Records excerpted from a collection
☆ ☆ ☆ ☆ ☆ ☆ ☆
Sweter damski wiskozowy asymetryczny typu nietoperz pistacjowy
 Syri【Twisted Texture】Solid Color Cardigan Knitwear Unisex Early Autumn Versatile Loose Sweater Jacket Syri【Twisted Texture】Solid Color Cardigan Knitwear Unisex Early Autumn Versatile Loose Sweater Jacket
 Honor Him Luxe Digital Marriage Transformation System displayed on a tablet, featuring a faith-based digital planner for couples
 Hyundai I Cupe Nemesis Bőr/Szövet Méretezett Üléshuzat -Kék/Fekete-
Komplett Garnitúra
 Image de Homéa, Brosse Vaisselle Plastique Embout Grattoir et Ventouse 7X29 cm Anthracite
☆ ☆ ☆ ☆ ☆ ☆ ☆
## ASSIGNMENT:
Exact repetition of every record is required.

## RESPONSE AREA:
Sweter damski wiskozowy asymetryczny typu nietoperz pistacjowy
 Syri【Twisted Texture】Solid Color Cardigan Knitwear Unisex Early Autumn Versatile Loose Sweater Jacket Syri【Twisted Texture】Solid Color Cardigan Knitwear Unisex Early Autumn Versatile Loose Sweater Jacket
 Honor Him Luxe Digital Marriage Transformation System displayed on a tablet, featuring a faith-based digital planner for couples
 Hyundai I Cupe Nemesis Bőr/Szövet Méretezett Üléshuzat -Kék/Fekete-
Komplett Garnitúra
 Image de Homéa, Brosse Vaisselle Plastique Embout Grattoir et Ventouse 7X29 cm Anthracite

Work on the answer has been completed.